Nicholas Fondacaro complained that CNN's Alisyn Camerota "proposed Orwellian laws designed to monitor and profile gun owners and bar them from exercising their Second Amendment rights." He didn't mention that his employer has endorsed the Orewllian monitoring of women to make sure they don't cross state lines to have an abortion.
Kevin Tober ranted that coverage of gun massacres focused on the inescapable gun part and pointed out that right-wingers like him don't want to talk about said gun part:
On Wednesday night's episode of MSNBC's All In, host Chris Hayes and leftist journalist Aaron Rupar admonished Fox News for not covering the shooting in Highland Park, Illinois in the manner they demand. To Hayes and Rupar, if you don't cover mass shootings from the leftist gun control perspective, you aren't covering the story properly. Any solution other than gun control is inadequate according to them.
Tober went on to grouse after red-flag laws were discussed: "As always, the solution to leftist policy failures is more of the same. Double down and when it continues to backfire, blame conservatives and Fox News for pointing out how the left's agenda has failed."
Brad Wilmouth whined that another logical point was made, that cities with tough anti-gun laws are undermined by surrounding jurisdictions where gun laws are much looser, claiming that it was irrelevant because the shooter's guns were bought in Illinois, further whining that "Journalists and other liberals like to blame the more conservative state of Indiana for crime in Illinois, which has been run by Democrats continuously since after the 2002 elections." In fact, one of five recovered guns used in crimes in Chicago came from Indiana.
The MRC then moved to a different distraction: minimizing the Highland Park massacre by hyping crime in Chicago,.(The MRC's "news" division CNSNews.com already loves to do that whenever it's politically advantageous.) Mark Finkelstein showed how it's done in a July 7 post:
Over the July 4th weekend:
Finkelstein went on to complain that Wallace and her guest Peter Strzok, the Trump-hating, ex-FBI agent, focused on the race of the Highland Park suspect," while there was "no mention of the age or race of the Chicago shooters. Wonder why?" Wonder why Finkelstein is so sensitive about people pointing out the fact that the perpetrators of recent gun massacres are young white men.

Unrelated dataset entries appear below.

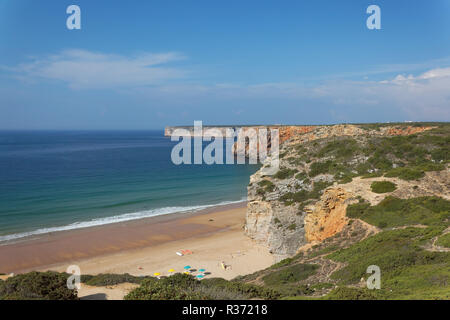 Affacciato sul capo st Vincent da praia de beliche Foto Stock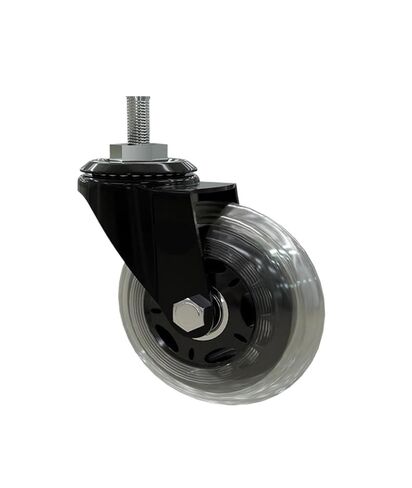 5-Pack 3-inch PU Screw Roller ice Wheel electrophoresis Scooter Universal Silent Caster in Saudi Arabia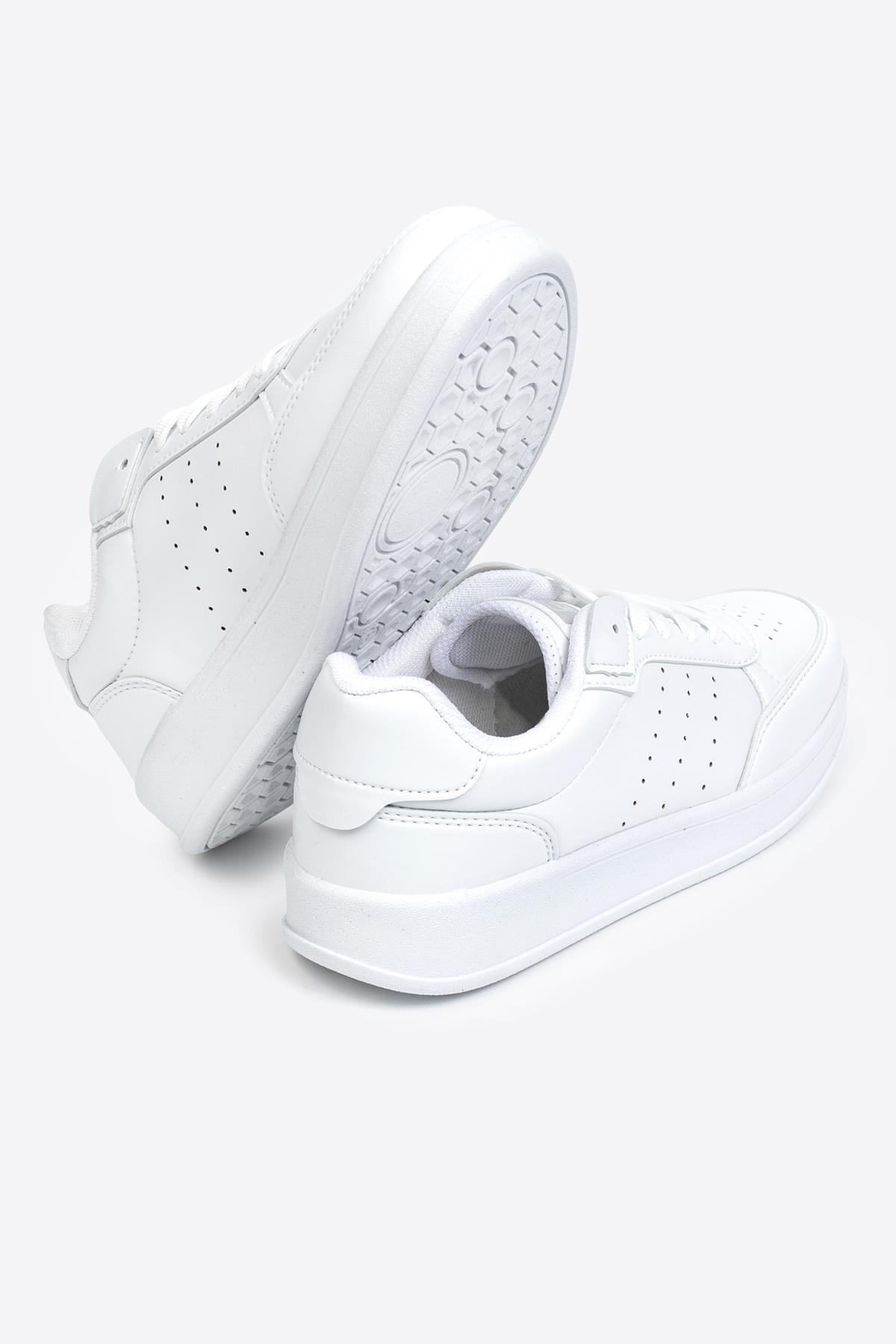 Beyaz Renk Kadın Spor Ayakkabı - Görsel 7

Later that day, Houck highlighted a Washington Post story that followed the MRC's Chicago distraction narrative:
In a front page and above-the-fold story for Thursday’s print edition, The Washington Post discovered a reality that dozens of people are shot and killed every week and weekend in Chicago, Illinois, but there’s barely any national attention given to the plight of Chicagoans in contrast to the equally horrifying mass shootings in suburbs and other more economically prosperous areas.
Of course, the Post wasn't using the Chicago shootings to distract from the Highland Park massacre like Houck is.
On July 10, Kevin Tober similarly praised a non-right-wing outlet for pushing its narrative:
On CNN’s State of the Union, host Jake Tapper confronted Illinois Governor J.B. Pritzker on a common theme that even casual observers of leftist politicians and media have noticed. That is they always focus on tragic one time incidents like mass shootings, yet ignore the daily shootings in Chicago which cause more deaths on a weekly basis than mass shootings.
Actually, Tober doesn't want any attention at all given to the Highland Park massacre because it outlines the destruction caused the conservative movement's all-guns-everywhere-no-questions-asked policy and its glorification of gun culture that emboldens disaffected young men.
The MRC only cares about Chicago violence when it serves its purposes to do so -- and the proof of that is that it devoted only one more article related to the Highland Park massacre, a July 10 item by Finkelstein complaining that "the media's favorite youthful gun-grabber David Hogg" argued that the massacre's perpetrator was a "white nationalist" and brought up "the trauma and PTSD that black and brown communities have from experiencing a disproportionate about of gun violence" and historical issues like redllining. Rather than try to prove Hogg wrong, Finkelstein sneered, "Why do liberals always want to have 'conversations around' issues? Anyhow, bonus woke points to Hogg for working redlining into his spiel."
Of course, conservatives like Finkelstein and his fellow MRC writers want no conversations at all about gun violence lest they lose on the facts.